## SUPPLIED RECORDS
* * *
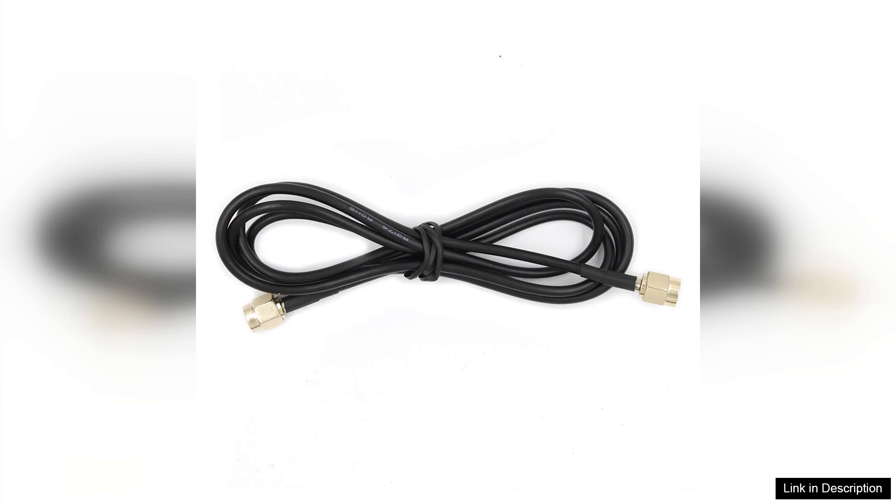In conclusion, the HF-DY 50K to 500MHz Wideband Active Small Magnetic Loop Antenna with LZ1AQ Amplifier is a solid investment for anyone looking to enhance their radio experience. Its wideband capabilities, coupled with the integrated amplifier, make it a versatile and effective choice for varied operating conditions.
* * *
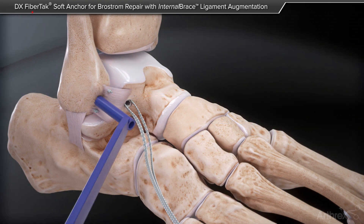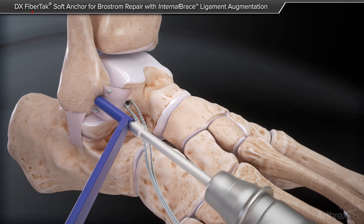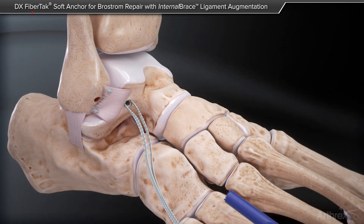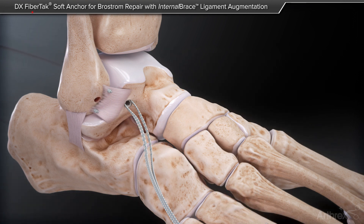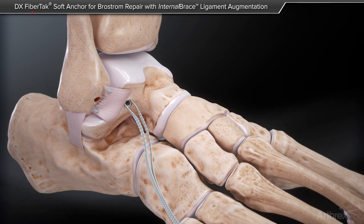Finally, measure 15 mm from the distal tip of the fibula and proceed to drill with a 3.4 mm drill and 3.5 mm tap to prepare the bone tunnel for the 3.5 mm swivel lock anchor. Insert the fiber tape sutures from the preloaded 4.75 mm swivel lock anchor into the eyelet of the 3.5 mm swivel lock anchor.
* * *
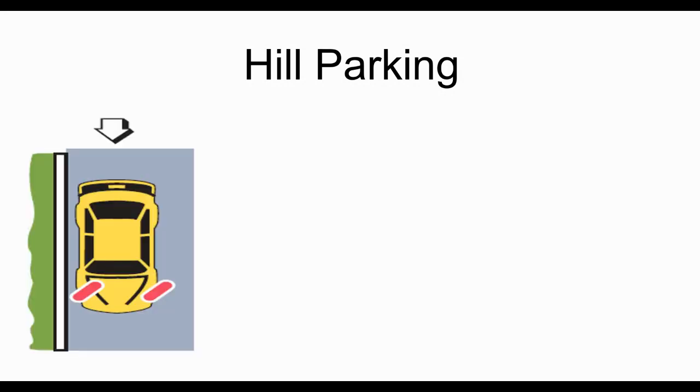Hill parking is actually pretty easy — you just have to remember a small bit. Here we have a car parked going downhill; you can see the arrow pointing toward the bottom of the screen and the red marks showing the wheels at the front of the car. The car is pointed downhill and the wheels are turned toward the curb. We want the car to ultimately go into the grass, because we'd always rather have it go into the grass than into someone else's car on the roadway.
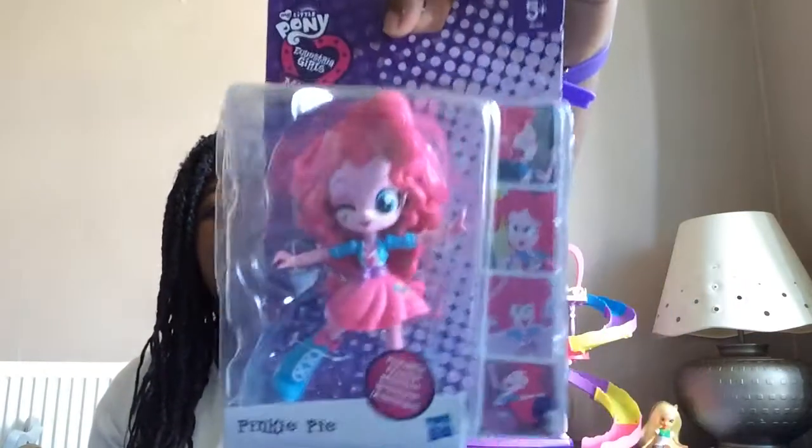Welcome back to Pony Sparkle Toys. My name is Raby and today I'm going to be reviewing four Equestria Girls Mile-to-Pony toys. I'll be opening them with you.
* * *
## EXERCISE AIM
When copying from the data above, begin at the line containing "Hill parking is" and end at the line containing "Welcome back to"; return those lines exactly and leave all pictures behind.

## ANSWER SPACE
Hill parking is actually pretty easy — you just have to remember a small bit. Here we have a car parked going downhill; you can see the arrow pointing toward the bottom of the screen and the red marks showing the wheels at the front of the car. The car is pointed downhill and the wheels are turned toward the curb. We want the car to ultimately go into the grass, because we'd always rather have it go into the grass than into someone else's car on the roadway.
Welcome back to Pony Sparkle Toys. My name is Raby and today I'm going to be reviewing four Equestria Girls Mile-to-Pony toys. I'll be opening them with you.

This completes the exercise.